* _YOUR OBJECTIVE_
Each line from the opening of the listing below through the line that contains "Men sneakers" is to be output exactly as written.

* _PROVIDED INFORMATION_
--- --- ---
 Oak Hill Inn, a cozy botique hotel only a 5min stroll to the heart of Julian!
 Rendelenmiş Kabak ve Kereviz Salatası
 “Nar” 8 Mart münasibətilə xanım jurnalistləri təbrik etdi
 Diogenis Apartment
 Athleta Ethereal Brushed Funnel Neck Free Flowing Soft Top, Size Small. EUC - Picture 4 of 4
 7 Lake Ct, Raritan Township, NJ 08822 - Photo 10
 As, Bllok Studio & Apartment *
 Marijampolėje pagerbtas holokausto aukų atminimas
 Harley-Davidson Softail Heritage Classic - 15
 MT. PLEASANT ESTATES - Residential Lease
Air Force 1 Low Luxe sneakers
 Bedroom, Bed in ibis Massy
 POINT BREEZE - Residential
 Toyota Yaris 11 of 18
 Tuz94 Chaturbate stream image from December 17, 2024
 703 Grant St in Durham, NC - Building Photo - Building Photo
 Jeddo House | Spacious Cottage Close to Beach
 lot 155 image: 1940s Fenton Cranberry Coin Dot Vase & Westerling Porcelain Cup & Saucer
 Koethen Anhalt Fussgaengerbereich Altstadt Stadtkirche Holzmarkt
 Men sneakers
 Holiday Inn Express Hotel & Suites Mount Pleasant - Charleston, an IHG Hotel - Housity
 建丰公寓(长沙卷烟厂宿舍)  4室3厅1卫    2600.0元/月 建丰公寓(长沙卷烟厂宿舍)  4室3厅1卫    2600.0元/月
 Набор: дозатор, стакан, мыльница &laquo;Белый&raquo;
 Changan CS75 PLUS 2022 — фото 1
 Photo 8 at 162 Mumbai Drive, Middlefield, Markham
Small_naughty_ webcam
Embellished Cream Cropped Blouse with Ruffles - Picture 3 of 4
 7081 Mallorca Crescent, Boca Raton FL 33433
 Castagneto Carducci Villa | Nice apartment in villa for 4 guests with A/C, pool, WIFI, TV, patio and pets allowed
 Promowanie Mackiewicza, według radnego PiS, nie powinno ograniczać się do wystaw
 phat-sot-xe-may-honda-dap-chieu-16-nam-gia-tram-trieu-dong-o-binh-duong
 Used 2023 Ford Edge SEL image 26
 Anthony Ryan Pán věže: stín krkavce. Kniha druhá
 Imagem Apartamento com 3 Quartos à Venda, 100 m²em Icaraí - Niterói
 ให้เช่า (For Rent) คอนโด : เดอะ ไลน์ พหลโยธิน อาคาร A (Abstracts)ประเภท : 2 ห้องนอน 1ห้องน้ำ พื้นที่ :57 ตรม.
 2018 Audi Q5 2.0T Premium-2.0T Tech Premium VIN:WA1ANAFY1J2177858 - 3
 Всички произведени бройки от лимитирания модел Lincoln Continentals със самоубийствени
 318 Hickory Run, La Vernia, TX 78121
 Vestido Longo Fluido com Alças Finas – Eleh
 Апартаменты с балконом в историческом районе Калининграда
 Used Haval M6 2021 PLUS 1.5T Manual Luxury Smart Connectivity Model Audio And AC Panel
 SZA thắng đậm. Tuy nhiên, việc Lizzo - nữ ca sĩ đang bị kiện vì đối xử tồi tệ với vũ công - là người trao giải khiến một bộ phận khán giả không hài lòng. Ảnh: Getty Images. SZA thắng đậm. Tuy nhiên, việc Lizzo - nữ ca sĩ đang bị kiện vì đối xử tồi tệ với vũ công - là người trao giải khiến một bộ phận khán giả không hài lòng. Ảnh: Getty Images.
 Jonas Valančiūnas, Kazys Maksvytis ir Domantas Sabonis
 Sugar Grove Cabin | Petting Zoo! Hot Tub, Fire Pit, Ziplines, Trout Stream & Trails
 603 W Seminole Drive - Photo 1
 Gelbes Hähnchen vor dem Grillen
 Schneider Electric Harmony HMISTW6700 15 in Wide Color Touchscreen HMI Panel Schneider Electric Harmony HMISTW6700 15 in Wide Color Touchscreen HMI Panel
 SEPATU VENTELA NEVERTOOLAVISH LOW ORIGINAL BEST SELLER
--- --- ---
* _REPLY_
 Oak Hill Inn, a cozy botique hotel only a 5min stroll to the heart of Julian!
 Rendelenmiş Kabak ve Kereviz Salatası
 “Nar” 8 Mart münasibətilə xanım jurnalistləri təbrik etdi
 Diogenis Apartment
 Athleta Ethereal Brushed Funnel Neck Free Flowing Soft Top, Size Small. EUC - Picture 4 of 4
 7 Lake Ct, Raritan Township, NJ 08822 - Photo 10
 As, Bllok Studio & Apartment *
 Marijampolėje pagerbtas holokausto aukų atminimas
 Harley-Davidson Softail Heritage Classic - 15
 MT. PLEASANT ESTATES - Residential Lease
Air Force 1 Low Luxe sneakers
 Bedroom, Bed in ibis Massy
 POINT BREEZE - Residential
 Toyota Yaris 11 of 18
 Tuz94 Chaturbate stream image from December 17, 2024
 703 Grant St in Durham, NC - Building Photo - Building Photo
 Jeddo House | Spacious Cottage Close to Beach
 lot 155 image: 1940s Fenton Cranberry Coin Dot Vase & Westerling Porcelain Cup & Saucer
 Koethen Anhalt Fussgaengerbereich Altstadt Stadtkirche Holzmarkt
 Men sneakers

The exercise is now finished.